■ **Work request**
Which lines of the data include the string "Photo"? List them all.

(Short web captions)
-- Opening Marker --

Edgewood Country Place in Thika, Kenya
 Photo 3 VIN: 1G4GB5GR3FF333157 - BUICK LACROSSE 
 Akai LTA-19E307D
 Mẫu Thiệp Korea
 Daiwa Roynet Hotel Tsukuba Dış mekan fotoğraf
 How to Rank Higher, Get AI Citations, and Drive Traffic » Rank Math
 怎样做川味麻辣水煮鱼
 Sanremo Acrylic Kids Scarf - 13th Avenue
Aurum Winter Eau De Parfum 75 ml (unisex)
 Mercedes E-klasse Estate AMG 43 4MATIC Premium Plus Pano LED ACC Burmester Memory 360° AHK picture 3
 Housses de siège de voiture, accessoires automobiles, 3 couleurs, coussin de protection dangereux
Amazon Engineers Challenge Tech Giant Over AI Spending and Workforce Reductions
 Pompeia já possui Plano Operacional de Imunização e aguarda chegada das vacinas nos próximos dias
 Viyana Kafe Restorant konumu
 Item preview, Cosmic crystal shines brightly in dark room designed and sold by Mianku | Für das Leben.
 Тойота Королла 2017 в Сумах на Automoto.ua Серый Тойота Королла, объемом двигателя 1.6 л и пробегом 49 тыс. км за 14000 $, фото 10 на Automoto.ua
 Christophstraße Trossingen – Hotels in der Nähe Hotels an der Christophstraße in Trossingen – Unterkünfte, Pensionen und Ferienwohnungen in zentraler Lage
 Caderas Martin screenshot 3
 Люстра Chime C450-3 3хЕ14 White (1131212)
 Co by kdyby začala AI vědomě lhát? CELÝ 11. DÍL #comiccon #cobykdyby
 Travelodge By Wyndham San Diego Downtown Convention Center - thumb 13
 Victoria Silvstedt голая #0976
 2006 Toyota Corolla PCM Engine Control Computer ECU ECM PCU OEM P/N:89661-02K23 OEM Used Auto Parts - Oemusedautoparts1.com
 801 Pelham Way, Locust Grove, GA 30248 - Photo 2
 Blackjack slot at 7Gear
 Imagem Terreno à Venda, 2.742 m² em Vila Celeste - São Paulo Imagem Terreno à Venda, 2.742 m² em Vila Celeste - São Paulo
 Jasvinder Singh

-- Closing Marker --

■ **Your response**
 Photo 3 VIN: 1G4GB5GR3FF333157 - BUICK LACROSSE 
 801 Pelham Way, Locust Grove, GA 30248 - Photo 2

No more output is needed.